Problem details: From the entries below, list each line with "Servings".

Records drawn from a dataset:
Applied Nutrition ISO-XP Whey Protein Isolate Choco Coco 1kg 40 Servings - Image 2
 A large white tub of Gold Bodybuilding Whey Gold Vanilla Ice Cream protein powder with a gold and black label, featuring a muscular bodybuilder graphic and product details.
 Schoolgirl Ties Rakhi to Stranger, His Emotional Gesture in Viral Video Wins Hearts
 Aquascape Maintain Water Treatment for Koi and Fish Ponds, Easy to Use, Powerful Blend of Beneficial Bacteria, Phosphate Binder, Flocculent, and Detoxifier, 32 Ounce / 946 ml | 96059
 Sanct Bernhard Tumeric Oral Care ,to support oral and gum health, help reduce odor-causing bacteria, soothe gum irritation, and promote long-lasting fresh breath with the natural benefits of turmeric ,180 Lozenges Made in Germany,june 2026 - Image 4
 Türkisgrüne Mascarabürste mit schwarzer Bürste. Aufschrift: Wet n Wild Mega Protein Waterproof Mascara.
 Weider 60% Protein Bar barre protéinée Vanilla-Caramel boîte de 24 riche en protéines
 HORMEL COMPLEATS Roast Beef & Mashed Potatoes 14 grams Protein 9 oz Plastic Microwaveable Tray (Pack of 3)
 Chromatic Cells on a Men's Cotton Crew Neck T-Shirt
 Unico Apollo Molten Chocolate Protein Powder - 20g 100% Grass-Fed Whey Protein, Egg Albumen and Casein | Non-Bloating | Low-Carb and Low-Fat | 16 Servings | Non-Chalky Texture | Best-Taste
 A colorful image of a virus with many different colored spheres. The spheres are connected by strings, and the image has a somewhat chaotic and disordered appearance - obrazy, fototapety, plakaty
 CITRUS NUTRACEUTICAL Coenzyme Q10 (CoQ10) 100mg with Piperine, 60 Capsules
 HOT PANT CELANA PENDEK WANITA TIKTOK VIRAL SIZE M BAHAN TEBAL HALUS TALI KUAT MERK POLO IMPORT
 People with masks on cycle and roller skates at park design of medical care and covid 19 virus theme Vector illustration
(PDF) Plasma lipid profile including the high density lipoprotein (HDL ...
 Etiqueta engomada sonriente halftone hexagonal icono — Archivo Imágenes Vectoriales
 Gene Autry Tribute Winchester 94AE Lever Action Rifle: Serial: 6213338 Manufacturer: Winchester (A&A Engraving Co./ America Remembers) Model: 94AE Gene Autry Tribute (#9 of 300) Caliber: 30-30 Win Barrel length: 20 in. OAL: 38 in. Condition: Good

Task result:
Applied Nutrition ISO-XP Whey Protein Isolate Choco Coco 1kg 40 Servings - Image 2
 Unico Apollo Molten Chocolate Protein Powder - 20g 100% Grass-Fed Whey Protein, Egg Albumen and Casein | Non-Bloating | Low-Carb and Low-Fat | 16 Servings | Non-Chalky Texture | Best-Taste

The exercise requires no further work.